Reaction between cycles
• Consider the following reactions:
HO2 + NO → OH + NO2
ClO + NO → Cl + NO2
• Both of these reactions short circuit the catalytic
cycles, and hence reduce their efficiency.
• The full reaction cycle for the second reaction is
Cl + O3 = ClO + O2
ClO + NO → Cl + NO2
NO2 + hν → NO + O
Net
O3 + hν → O2 + O
• Known as a null cycle
Natural Sources and Sinks
• The catalytic families HOx, NOx, ClOx, and BrOx, appear to be
present in the natural ‘unpolluted’ atmosphere. In today’s
atmosphere the levels of ClOx and BrOx have been increased
by anthropogenic sources.
• Most of the stratospheric NOx originates from tropospheric
N2O, which is of biogenic origin (e.g. soils). This reacts with
the O(1D) to start the NOx chemistry
O(1D) + N2O → NO + NO
• The main sources of the OH radical are
O(1D) + H2O → OH + OH
O(1D) + CH4 → OH + CH3
• The CH3 radical reacts to produce other hydrogen species
including water vapor. Most stratospheric water vapor comes
from methane ‘oxidation’.
Natural Sources and Sinks
• The most abundant natural source of ClO is methyl chloride.

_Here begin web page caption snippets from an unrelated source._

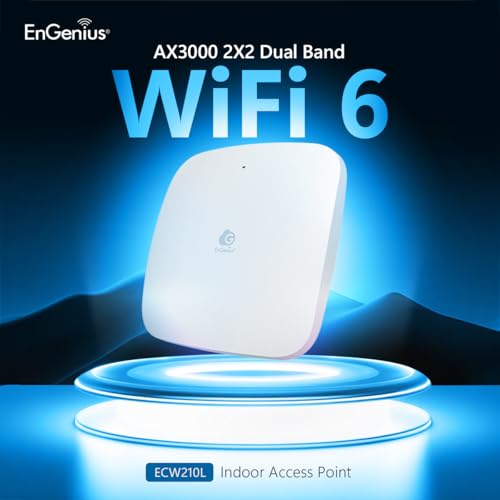 EnGenius Cloud Managed Wi-Fi 6 Lite Indoor 2x2 Access Point Supports high Performance speeds up to 574 Mbps (2.4 GHz) and 2400 Mbps (5 GHz) (Wi-Fi 6 2x2) ECW210L - Image 2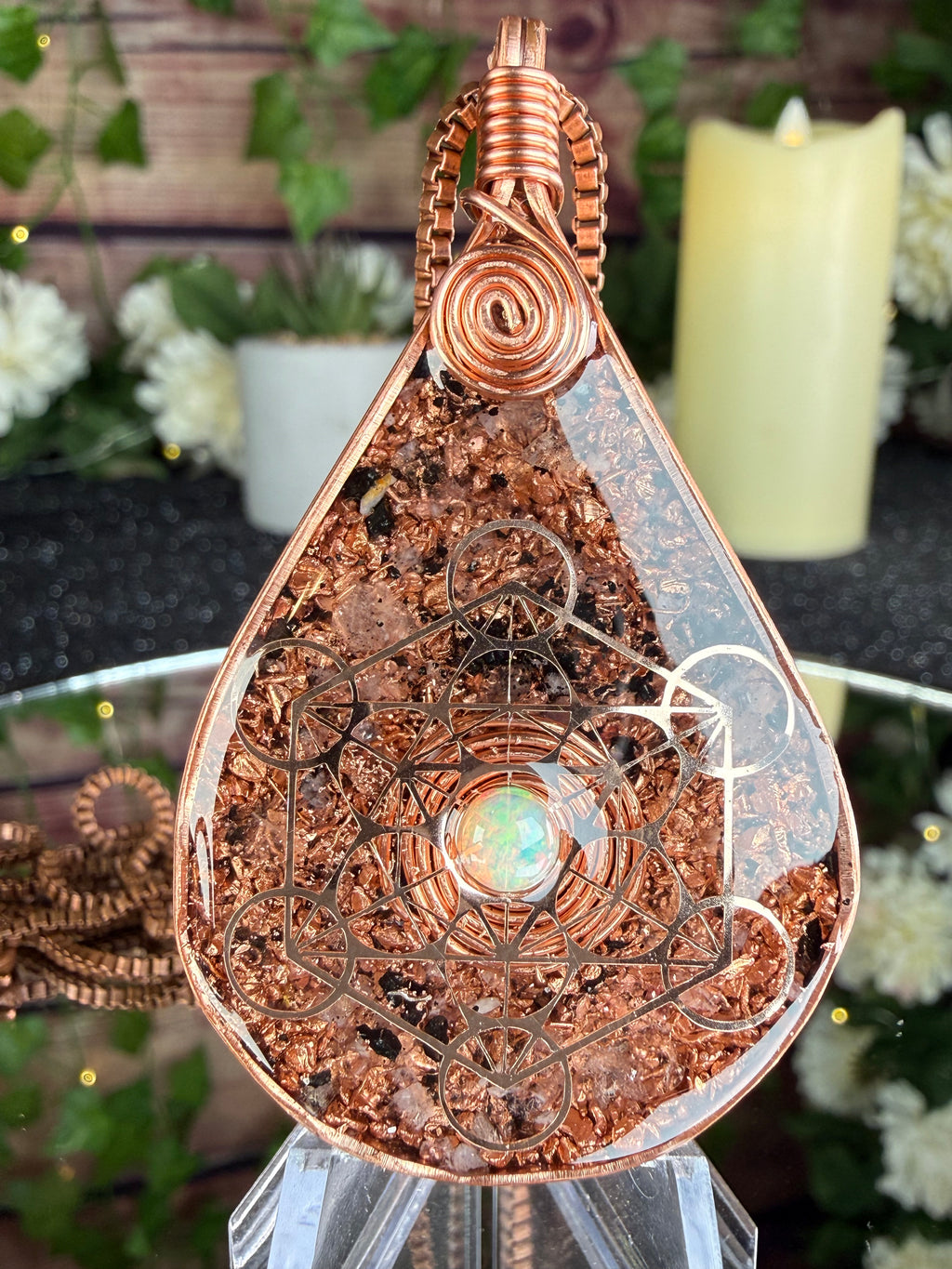Live With Intention~Orgonite Amulet with Amethyst & Opal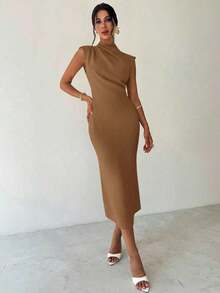 Vestido largo de verano elegante y minimalista para uso diario, viajes y ocasiones casuales, con cuello mao, mangas drapeadas y cintura ceñida, color albaricoque - Marrón Mocha - Ver 5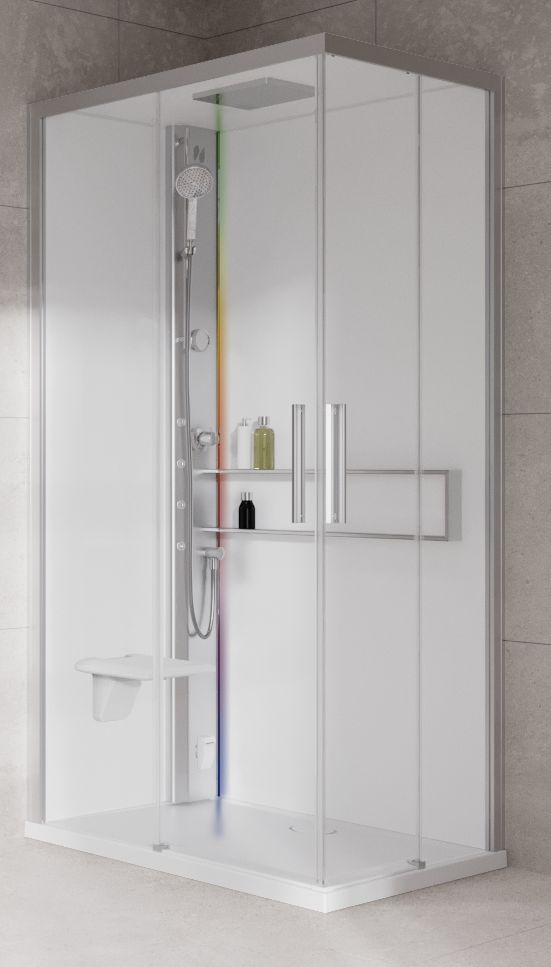 Novellini Glax 2 2.0 A kabina z hydromasażem 100x80 cm lewa parowa z brodzikiem srebrna G22A198SM5-1BB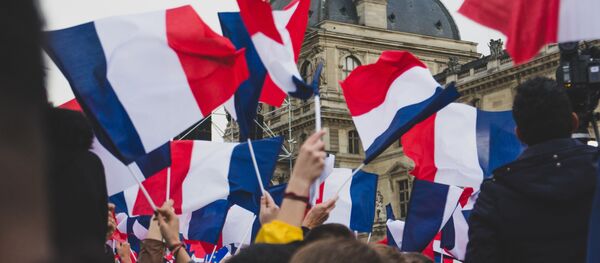 Banderas de Francia en una manifestación - Sputnik Mundo
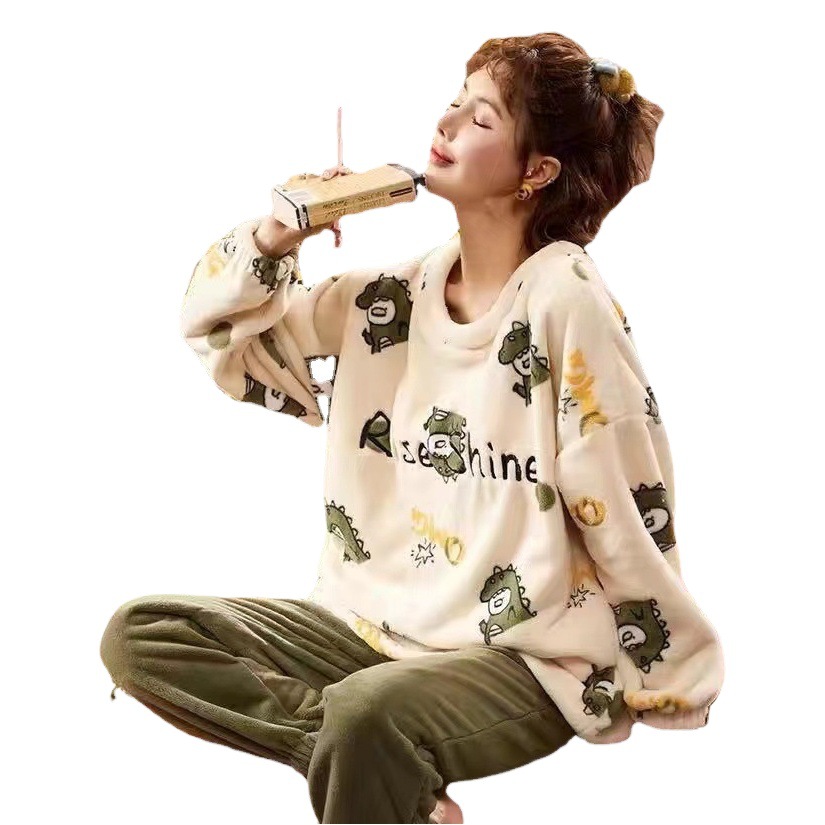 Coral fleece pajamas women's autumn and winter new fleece-lined thickened 2024 warm flannel cartoon home clothing suit
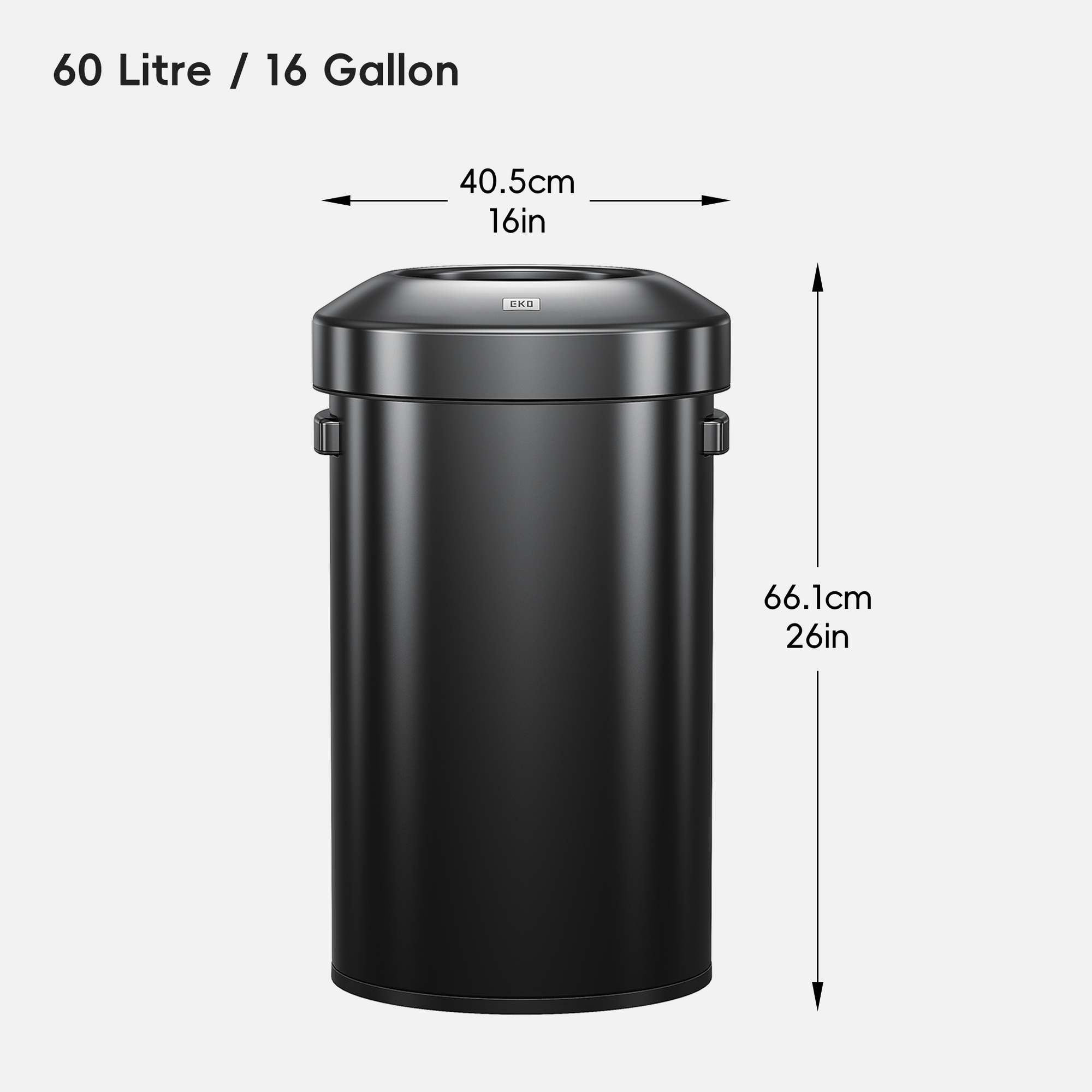 Urban Round Open Top Can Commercial Grade - 60L / 16 Gal - Black Stainless Steel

• The major contributors are the oceans. Much comes from the
decay of organic matter. In wet conditions on land we get
methane (CH4), in the sea we get CH3Cl.
• The chlorine is released by reactions with the OH radical, and
by photodissociation above 30 km.
• Natural bromine enters the stratosphere principally as methyl
bromide, CH3Br, which is produced by algae in the oceans.